Hashem destroys that society, but humanity creates those people again. One of them, an earlier Pharaoh, does what the original sons of the elohim did. He sees Sarah and takes her – no questions asked. The Torah says Hashem brought plagues, but it never says he lifted them.
With the Exodus, Hashem has created the greatest of the sons of the powerful. These Pharaoh’s, because of Joseph, own all of Egypt – the people included. And they’ve forgotten where their power came from. They think it belongs to them. In this telling, Hashem will crush the greatest of all men, and demonstrate that the bnei Elokim – His children – will be ascendent.
Last week, I expanded on the theme of Hashem’s power. I talked about the first seven plagues showing Hashem’s power from the waters below to the waters above – in a clear order with some plagues chosen to contrast with particular Egyptian gods. The last three plagues show Hashem’s power in time from the past to the future. The locusts brought with a Ruach Kadiima – an early wind – they eat everything that was already planted and then return to the sea. In a popular Egyptian mythology, the world started as just water – just the sea. This is the destruction of the past. The middle plague, with darkness so thick you can’t move, shows death in the present. And the last plague, the death of the firstborn, shows death in the future.

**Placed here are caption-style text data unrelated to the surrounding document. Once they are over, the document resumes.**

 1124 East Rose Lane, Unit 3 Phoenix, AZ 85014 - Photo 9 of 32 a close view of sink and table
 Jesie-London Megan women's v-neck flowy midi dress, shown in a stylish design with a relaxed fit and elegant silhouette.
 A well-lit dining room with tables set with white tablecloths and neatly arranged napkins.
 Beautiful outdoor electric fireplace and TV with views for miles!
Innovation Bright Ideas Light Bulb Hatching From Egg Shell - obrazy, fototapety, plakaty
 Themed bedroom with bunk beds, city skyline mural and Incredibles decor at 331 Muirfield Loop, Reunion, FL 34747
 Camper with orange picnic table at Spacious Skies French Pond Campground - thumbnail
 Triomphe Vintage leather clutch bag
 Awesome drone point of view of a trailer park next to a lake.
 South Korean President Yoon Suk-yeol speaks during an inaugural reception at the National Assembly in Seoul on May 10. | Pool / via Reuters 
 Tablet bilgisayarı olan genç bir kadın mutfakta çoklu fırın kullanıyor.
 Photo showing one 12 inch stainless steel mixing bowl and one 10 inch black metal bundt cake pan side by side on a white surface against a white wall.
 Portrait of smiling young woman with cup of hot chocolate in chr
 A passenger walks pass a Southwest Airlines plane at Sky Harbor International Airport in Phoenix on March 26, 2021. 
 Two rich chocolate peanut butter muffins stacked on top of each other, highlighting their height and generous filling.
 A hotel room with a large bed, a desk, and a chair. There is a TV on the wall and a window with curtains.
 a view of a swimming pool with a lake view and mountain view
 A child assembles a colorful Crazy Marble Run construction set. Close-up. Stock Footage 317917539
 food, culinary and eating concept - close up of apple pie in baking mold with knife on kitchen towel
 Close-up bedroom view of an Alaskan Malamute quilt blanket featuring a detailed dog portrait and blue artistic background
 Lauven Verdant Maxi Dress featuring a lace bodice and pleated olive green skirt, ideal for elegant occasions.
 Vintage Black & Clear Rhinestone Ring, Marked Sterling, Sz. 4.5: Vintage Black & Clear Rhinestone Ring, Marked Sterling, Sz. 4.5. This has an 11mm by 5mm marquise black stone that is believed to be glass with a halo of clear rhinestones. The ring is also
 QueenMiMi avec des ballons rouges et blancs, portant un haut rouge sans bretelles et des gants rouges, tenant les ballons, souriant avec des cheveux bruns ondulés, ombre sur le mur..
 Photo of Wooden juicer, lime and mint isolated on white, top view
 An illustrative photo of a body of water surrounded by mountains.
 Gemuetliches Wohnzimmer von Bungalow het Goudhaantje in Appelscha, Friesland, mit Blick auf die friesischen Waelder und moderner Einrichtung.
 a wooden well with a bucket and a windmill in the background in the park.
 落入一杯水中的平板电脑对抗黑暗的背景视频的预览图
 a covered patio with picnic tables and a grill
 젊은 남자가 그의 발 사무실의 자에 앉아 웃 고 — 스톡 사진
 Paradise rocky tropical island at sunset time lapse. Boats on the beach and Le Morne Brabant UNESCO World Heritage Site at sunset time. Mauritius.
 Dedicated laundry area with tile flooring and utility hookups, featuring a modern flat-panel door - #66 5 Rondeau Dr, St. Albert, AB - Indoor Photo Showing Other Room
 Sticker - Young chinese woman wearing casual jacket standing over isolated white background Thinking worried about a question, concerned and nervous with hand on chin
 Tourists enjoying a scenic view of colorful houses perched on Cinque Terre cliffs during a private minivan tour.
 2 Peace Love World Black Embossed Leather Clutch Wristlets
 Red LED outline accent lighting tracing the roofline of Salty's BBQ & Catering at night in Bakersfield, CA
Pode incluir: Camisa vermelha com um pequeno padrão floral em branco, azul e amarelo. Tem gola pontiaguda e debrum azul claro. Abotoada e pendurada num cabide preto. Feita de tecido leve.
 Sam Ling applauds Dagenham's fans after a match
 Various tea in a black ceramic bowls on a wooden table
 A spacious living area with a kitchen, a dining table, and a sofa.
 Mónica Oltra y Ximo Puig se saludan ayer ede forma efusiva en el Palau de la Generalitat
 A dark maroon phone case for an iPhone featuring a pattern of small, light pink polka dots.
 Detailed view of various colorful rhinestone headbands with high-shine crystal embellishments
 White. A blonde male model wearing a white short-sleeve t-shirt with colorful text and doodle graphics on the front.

But last week, I also explored another theme. I spoke about the theme of responsibility. The plagues don’t end when Pharaoh acknowledges Hashem’s power. They end when the Egyptians and the bnei Yisrael alike act. The Bnei Yisrael take the action of the Pesach offering while the Egyptians actually push the people out. Remember, the Egyptians were enslaved by Yosef and the Bnei Yisrael by Pharaoh.
Both people are freed through the plagues and then the plagues end.
The lesson here is one of responsibility. Reaching back to the expulsion from the garden and the challenges of Cain, the Exodus is there to teach responsibility.
The lesson is that we will learn responsibility – whether it is forced on us through pain or taken by us without that pain.
This week, I want to tie it all together. If I had to capture the centerpiece of this week’s reading, it is the contrast between the death of the firstborn and the Pesach offering. The Torah continues with related commands, demanding that we only let the circumcised take part in the Pesach offering and telling us that we must dedicate our first born to Hashem – to remember that Hashem took Egypt’s firstborn.
The obvious question is: why do we focus on the death of the firstborn? Why can’t it just be the worst of the plagues. Why does it have to play such a central role in our religious life?
The answer, I believe, must start with the Pesach offering.
With the Pesach offering, we offer up a se. A se can be a lamb or a goat. It is a very young and very vulnerable animal. A se only comes up twice prior to this offering. The second time is when Yaacov is trying to change the stripes of Lavan’s flocks. This use of the word is nothing but a useful description of what was happening. It is the first use that is critical. Here it is:
Then Yitzchak said to his father Abraham, “Father!” And he answered, “Yes, my son.” And he said, “Here are the firestone and the wood; but where is the se for the burnt offering?” And Abraham said, “Alokim will see to his se for His burnt offering, my son.” And the two of them walked on together.
In this reading, the se is Yitzchak.
Avraham is offering up his son. He is offering up the entire future of the Jewish people.
And that offering is called a se.
If we cast the Pesach offering in the same light, then we see a clear parallel. With the Pesach, we are symbolically offering up our entire future so that Hashem does not take it.
There is a concept of dedicating ourselves and our future to Hashem that runs throughout the mitzvot of this reading.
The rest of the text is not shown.